→ RECORDED DATA:

*-*-*

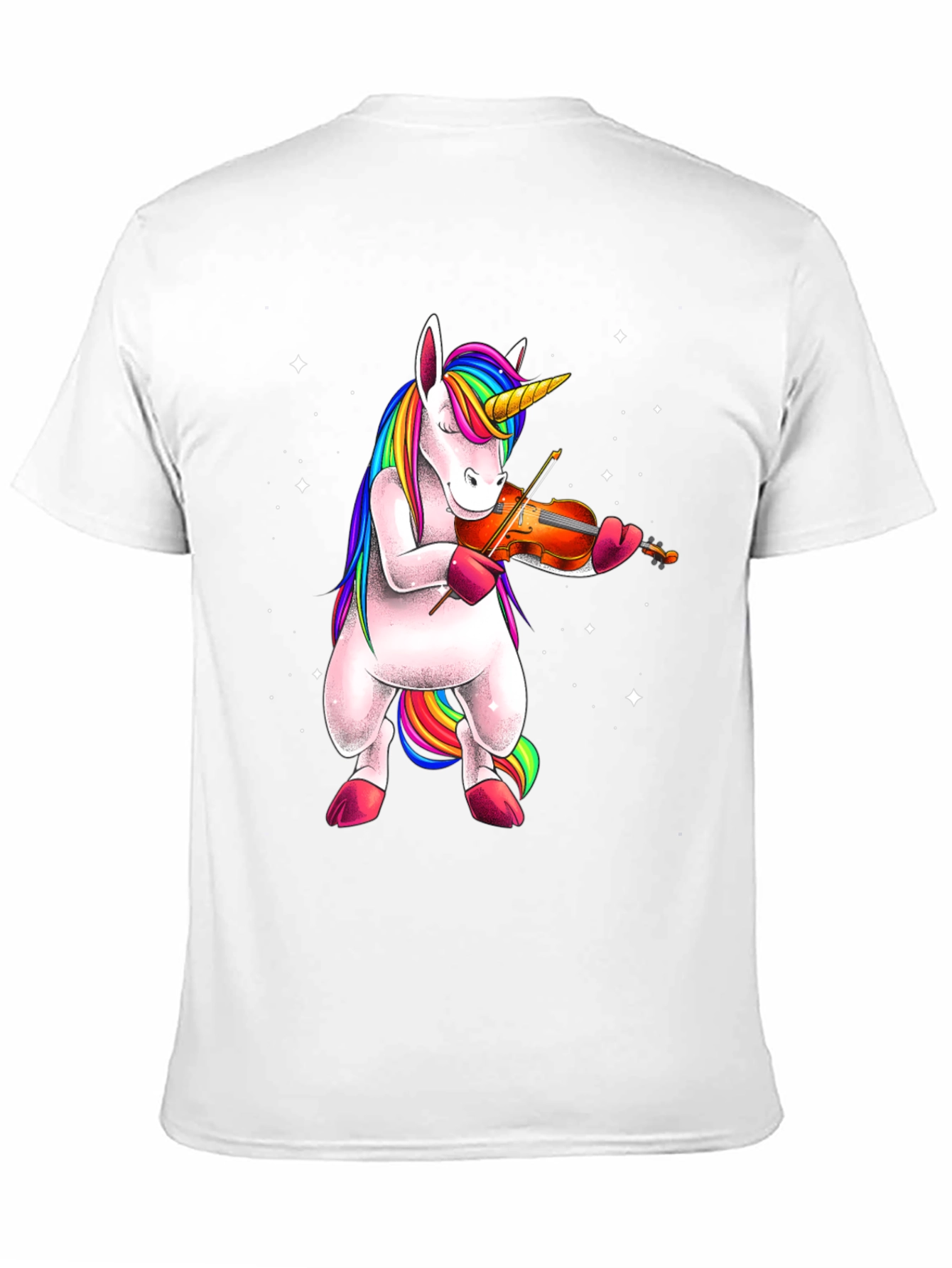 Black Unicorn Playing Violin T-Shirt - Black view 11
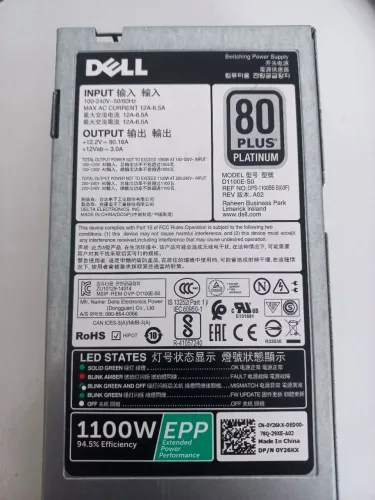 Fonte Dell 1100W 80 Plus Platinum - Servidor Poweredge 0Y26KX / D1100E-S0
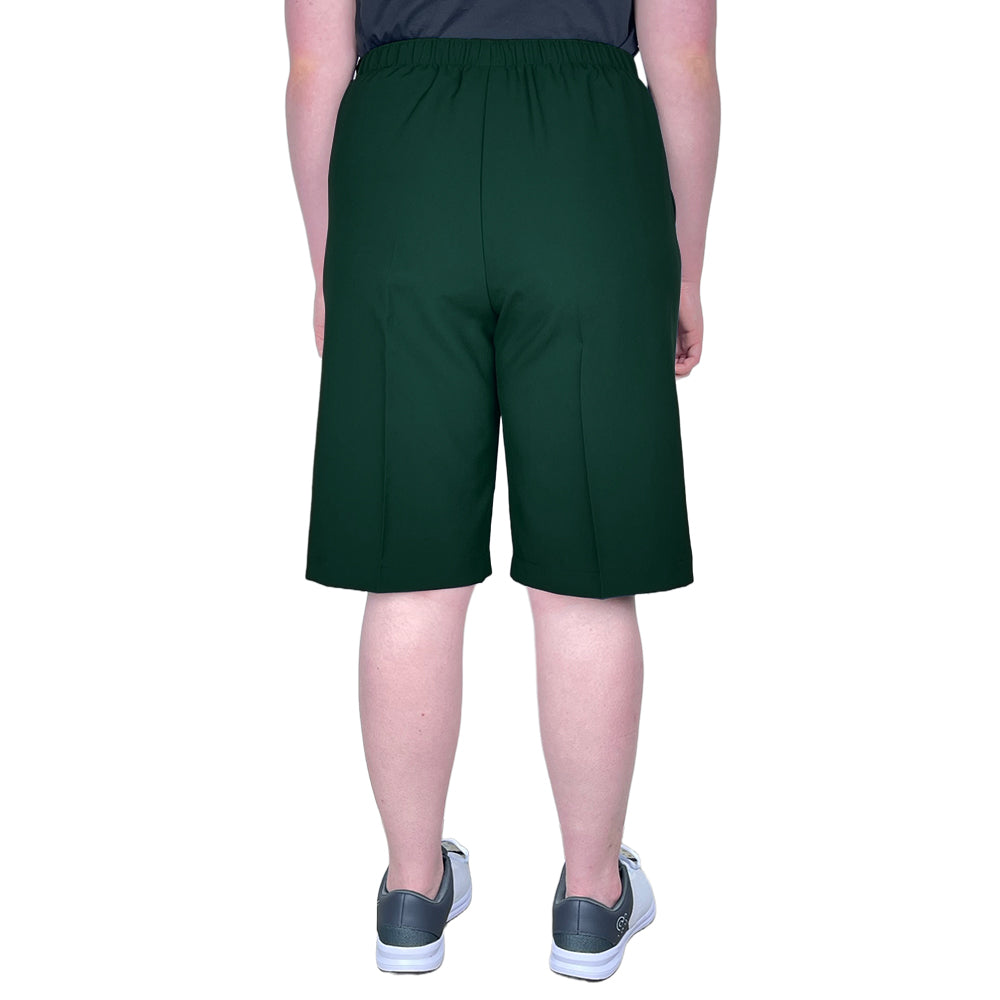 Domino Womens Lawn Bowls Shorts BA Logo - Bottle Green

*-*-*

→ REQUIRED WORK: Starting at the line that contains "Fonte Dell 1100W", please write out each line through the last line of the data, both ends included, and keep pictures out of the copy.

→ RESULT OF THIS EXERCISE:
 Fonte Dell 1100W 80 Plus Platinum - Servidor Poweredge 0Y26KX / D1100E-S0
 Domino Womens Lawn Bowls Shorts BA Logo - Bottle Green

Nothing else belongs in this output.